Sandy hopped on the wall beside the track. She had painted dark makeup around her eyes two days before and had not bothered to take it off.

           "Sandy?" Sadhir asked sheepishly.

           She took a drag of her cigarette for emphasis. "Maybe."

           "I'm Sadhir. We had math class together last year."

           "And?"

           Sadhir placed his backpack on the wall. "And I didn't know if you remembered me."

           "Not really."

           "You and your friend were at my father's gas station a few days ago."

           Her body stiffened. "What of it?"

           "I, he, wants to apologize."

           The hunch in her back eased up as she shifted the weight of her shoulders onto her palms. "Oh."

           "Can I sit down?"

           "It's a free country."

           Sadhir had trouble climbing up. His shirt came untucked from his pants and the soft of his belly fell on the cement wall.

           Sandy giggled. "Sorry," she said.

           "That's okay." Sadhir straitened out his hair. "Anyway, my dad feels pretty bad about the other day."

           "Seriously?"

           He could almost see her eyes brighten beneath the smeared make- up. She had pretty hazel eyes, with small brown flecks, like freckles, in them.

           "He feels bad. He wants to invite Squirrel to come back, if he wants, to clean windows."
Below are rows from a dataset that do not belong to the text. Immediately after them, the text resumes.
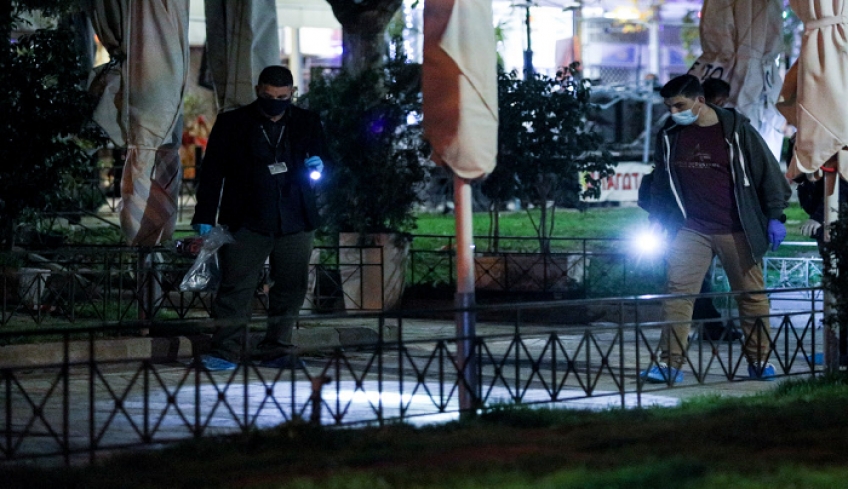 Πυροβολισμοί στον Αγιο Σώστη: Ενας νεκρός και 3 τραυματίες -Ξεκαθάρισμα λογαριασμών «βλέπει» η ΕΛ.ΑΣ. [βίντεο]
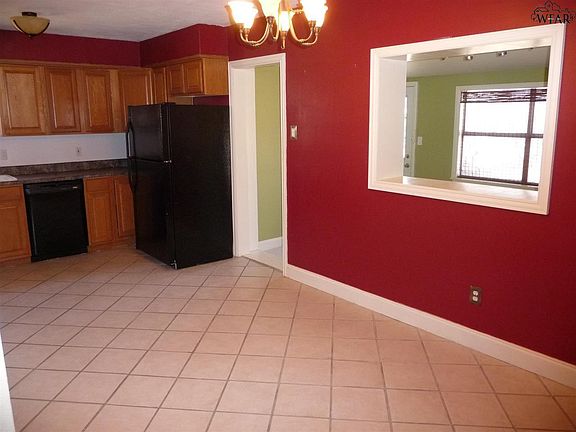 4th image of 4510 Lockwood Dr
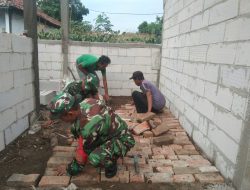 TNI Bersama Warga Terus Bahu Membahu Lanjutan Program Rehab Rumah Tidak Layak Huni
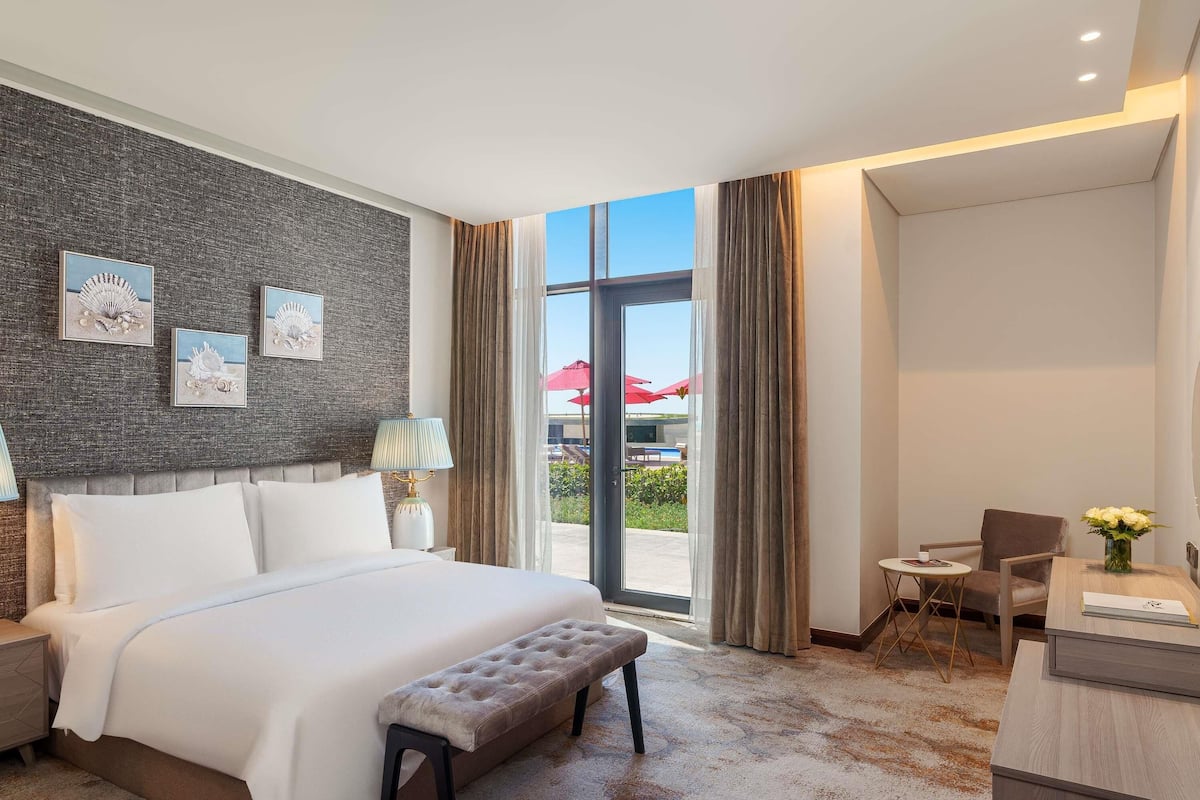 Junior Suite With Pool Access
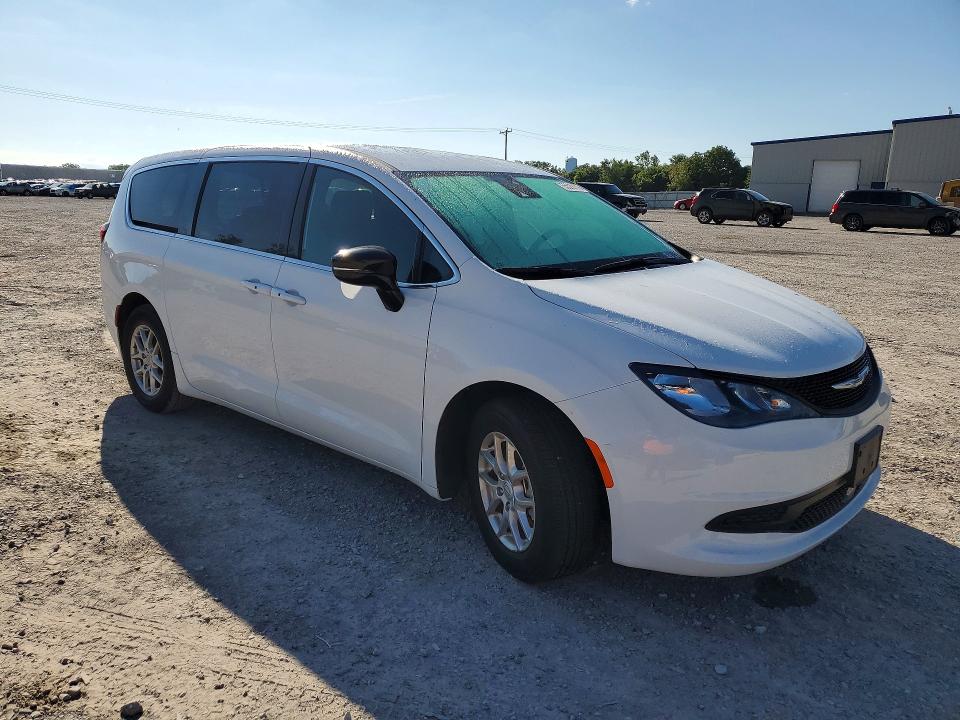 Продаж на аукціоні авто 2025 Chrysler Voyager, vin: 2C4RC1CG0SR571798, номер лоту: 65529176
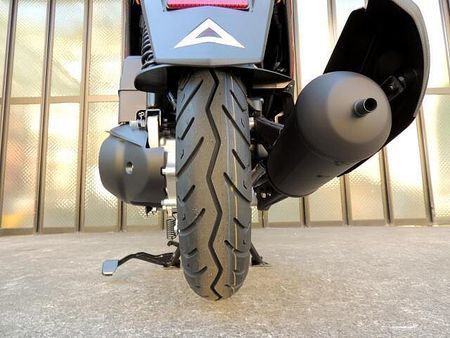ヤマハ ジョグ125 コスパ・デザイン・軽さがいいね! 13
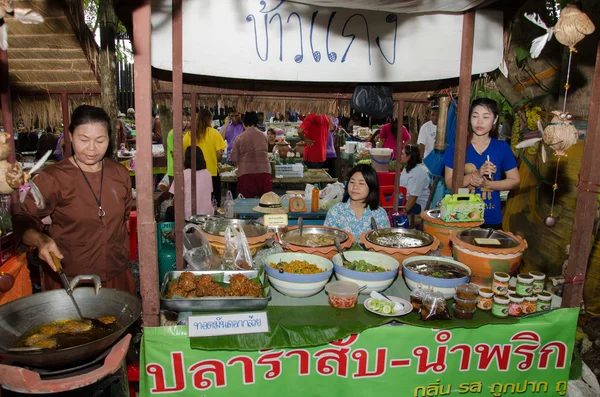 Thailänder und Touristen gehen auf Kulturmarkt einkaufen — Stockfoto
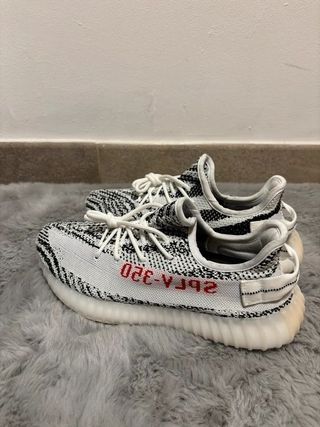 Adidas Yeezy 350 V2 Zebra Talla 45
           "Maybe he would. Dunno."

           "Could you ask him?"

           "He split."

           "Is he coming back?"

           "Doubtful. He got in trouble with a couple of guys at this rave. Some tweakers." She fidgeted. "They messed him up pretty bad and took his backpack, which was like the only possession on earth he had anyway." She stopped herself. "You don't want to hear any of this."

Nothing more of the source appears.